En censurant cette dérive nationale, la Cour réaffirme avec force les principes directeurs qui gouvernent le droit de la commande publique et garantissent un juste équilibre entre les intérêts des pouvoirs adjudicateurs et les droits des opérateurs économiques.
II. La réaffirmation des principes directeurs du droit des marchés publics
Cette décision est l’occasion pour la Cour de rappeler la nécessaire proportionnalité des mesures d’exclusion (A) et de confirmer le caractère exhaustif des motifs d’exclusion relatifs aux qualités professionnelles des opérateurs (B).
A. Le respect du principe de proportionnalité
Bien que le principe de proportionnalité ne soit pas mentionné explicitement dans le dispositif de l’arrêt, il sous-tend l’ensemble du raisonnement de la Cour. En exigeant une « appréciation concrète et individualisée de l’attitude de l’opérateur économique concerné », la Cour s’assure que la mesure d’exclusion, qui porte gravement atteinte à la liberté d’entreprendre et au principe de libre concurrence, n’est prononcée que lorsque cela est strictement nécessaire.
Un mécanisme qui impose l’exclusion automatique pour une inexécution contractuelle représentant seulement 5 % de la valeur d’un marché précédent, sans tenir compte des raisons de cette défaillance, de l’importance du marché en question ou des éventuelles mesures correctrices prises par l’opérateur, apparaît manifestement disproportionné. L’objectif de la directive est d’écarter les opérateurs « réellement peu fiables », non de sanctionner toute erreur passée de manière indifférenciée. La solution de la Cour protège ainsi les opérateurs économiques contre des réglementations nationales excessivement rigoureuses qui entraveraient une concurrence saine et ouverte. L’appréciation au cas par cas permet de garantir que la sanction est adaptée à la gravité du comportement.

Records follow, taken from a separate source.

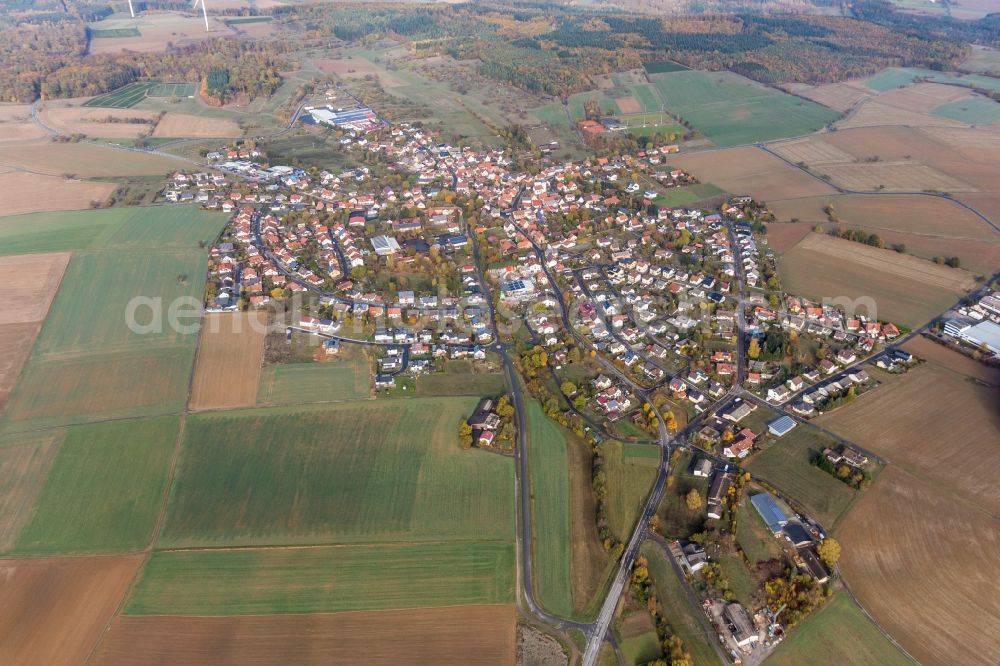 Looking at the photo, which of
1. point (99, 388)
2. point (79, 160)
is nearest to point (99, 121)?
point (79, 160)

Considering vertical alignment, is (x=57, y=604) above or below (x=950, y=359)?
below

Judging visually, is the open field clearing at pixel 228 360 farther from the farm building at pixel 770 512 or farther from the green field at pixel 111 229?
the farm building at pixel 770 512

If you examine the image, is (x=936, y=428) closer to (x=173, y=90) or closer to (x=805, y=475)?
(x=805, y=475)

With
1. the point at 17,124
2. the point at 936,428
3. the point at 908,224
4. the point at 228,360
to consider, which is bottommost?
the point at 228,360

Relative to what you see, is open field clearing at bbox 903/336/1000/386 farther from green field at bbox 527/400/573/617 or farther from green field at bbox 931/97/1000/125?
green field at bbox 931/97/1000/125

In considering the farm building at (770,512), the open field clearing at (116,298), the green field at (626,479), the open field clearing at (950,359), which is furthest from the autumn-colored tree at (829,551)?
the open field clearing at (116,298)

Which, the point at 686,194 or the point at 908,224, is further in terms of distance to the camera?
the point at 686,194

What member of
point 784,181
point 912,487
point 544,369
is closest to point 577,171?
point 784,181

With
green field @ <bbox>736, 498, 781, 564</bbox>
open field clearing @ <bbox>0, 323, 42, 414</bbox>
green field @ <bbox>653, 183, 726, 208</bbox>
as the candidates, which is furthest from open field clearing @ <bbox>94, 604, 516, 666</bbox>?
green field @ <bbox>653, 183, 726, 208</bbox> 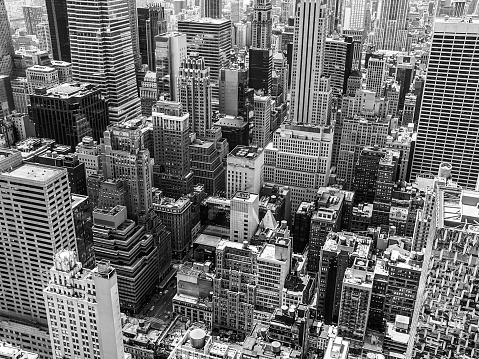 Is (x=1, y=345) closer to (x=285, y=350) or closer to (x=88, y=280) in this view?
(x=88, y=280)

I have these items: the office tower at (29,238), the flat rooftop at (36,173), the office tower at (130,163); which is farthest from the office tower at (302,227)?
the flat rooftop at (36,173)

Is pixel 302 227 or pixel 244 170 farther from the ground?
pixel 244 170

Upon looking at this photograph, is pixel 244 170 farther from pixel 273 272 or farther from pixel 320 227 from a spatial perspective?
pixel 273 272

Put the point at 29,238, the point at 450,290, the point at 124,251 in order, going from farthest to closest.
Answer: the point at 124,251 → the point at 29,238 → the point at 450,290

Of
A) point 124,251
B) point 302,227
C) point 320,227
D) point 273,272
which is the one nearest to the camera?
point 273,272

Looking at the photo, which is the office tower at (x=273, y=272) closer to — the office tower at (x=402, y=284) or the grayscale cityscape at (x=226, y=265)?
the grayscale cityscape at (x=226, y=265)

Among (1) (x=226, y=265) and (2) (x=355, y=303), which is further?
(1) (x=226, y=265)

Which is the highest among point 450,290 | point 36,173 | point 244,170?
point 36,173

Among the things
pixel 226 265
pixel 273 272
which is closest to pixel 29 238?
pixel 226 265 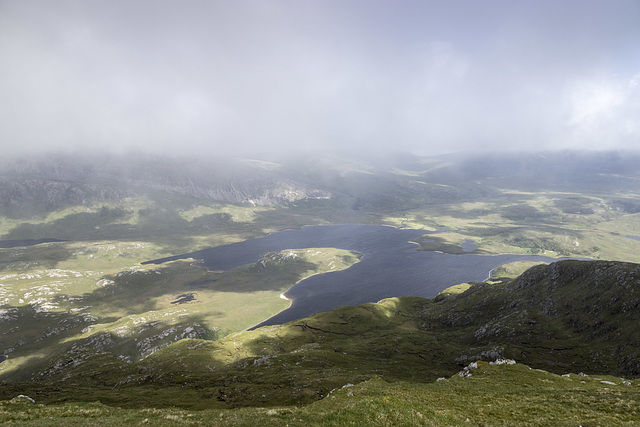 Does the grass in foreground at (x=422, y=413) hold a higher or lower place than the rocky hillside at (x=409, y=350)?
higher

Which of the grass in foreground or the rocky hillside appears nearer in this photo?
the grass in foreground

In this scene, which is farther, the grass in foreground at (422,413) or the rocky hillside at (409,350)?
the rocky hillside at (409,350)

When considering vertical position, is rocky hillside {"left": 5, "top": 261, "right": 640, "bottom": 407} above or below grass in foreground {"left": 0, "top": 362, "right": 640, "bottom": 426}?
below

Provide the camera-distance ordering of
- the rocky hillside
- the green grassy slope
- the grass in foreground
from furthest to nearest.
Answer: the rocky hillside < the green grassy slope < the grass in foreground

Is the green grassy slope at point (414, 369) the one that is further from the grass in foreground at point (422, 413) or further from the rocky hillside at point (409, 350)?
the rocky hillside at point (409, 350)

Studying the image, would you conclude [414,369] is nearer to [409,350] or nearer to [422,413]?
[409,350]

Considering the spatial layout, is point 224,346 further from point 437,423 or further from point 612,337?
point 612,337

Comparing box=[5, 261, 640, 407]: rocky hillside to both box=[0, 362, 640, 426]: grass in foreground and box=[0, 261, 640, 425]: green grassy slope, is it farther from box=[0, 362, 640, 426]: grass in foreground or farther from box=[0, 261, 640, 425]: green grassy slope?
box=[0, 362, 640, 426]: grass in foreground

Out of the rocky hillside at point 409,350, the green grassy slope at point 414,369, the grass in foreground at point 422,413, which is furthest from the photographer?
the rocky hillside at point 409,350

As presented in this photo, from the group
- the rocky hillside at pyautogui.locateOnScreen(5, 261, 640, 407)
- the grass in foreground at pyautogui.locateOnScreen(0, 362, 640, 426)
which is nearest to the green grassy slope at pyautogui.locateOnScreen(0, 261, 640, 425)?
the grass in foreground at pyautogui.locateOnScreen(0, 362, 640, 426)

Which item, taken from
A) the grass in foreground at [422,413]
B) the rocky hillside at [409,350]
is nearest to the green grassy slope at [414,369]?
the grass in foreground at [422,413]

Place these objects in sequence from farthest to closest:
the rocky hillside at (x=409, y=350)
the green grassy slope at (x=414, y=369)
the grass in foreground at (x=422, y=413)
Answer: the rocky hillside at (x=409, y=350)
the green grassy slope at (x=414, y=369)
the grass in foreground at (x=422, y=413)

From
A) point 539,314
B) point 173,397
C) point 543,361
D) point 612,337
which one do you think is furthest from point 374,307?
point 173,397

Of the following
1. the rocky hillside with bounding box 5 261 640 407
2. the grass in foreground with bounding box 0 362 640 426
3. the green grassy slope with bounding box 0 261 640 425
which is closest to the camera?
the grass in foreground with bounding box 0 362 640 426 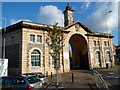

B. Le caractère exhaustif des causes d’exclusion
La Cour profite de sa seconde réponse pour réitérer une jurisprudence bien établie. Elle rappelle que l’article 45, paragraphe 2, de la directive 2004/18 « énumère, de manière exhaustive, les causes susceptibles de justifier l’exclusion d’un opérateur économique de la participation à un marché pour des raisons, fondées sur des éléments objectifs, tenant à ses qualités professionnelles ». Par conséquent, les États membres ne sont pas autorisés à ajouter à cette liste de nouvelles causes d’exclusion qui seraient fondées sur des critères relatifs à la qualité professionnelle.
La Cour constate que la cause d’exclusion prévue par la loi polonaise, fondée sur une défaillance contractuelle passée, se rapporte bien à la qualité professionnelle de l’opérateur. Dès lors qu’il a été jugé que cette disposition nationale ne constituait pas une simple transposition de la notion de « faute grave en matière professionnelle », elle ne peut être admise comme une cause d’exclusion autonome. Cette position rigoureuse garantit une application uniforme du droit des marchés publics au sein de l’Union et prévient le risque de protectionnisme déguisé que pourraient engendrer des législations nationales créant des motifs d’exclusion spécifiques. L’arrêt renforce ainsi la sécurité juridique pour les opérateurs économiques qui participent à des procédures de passation de marchés dans l’ensemble de l’Union européenne.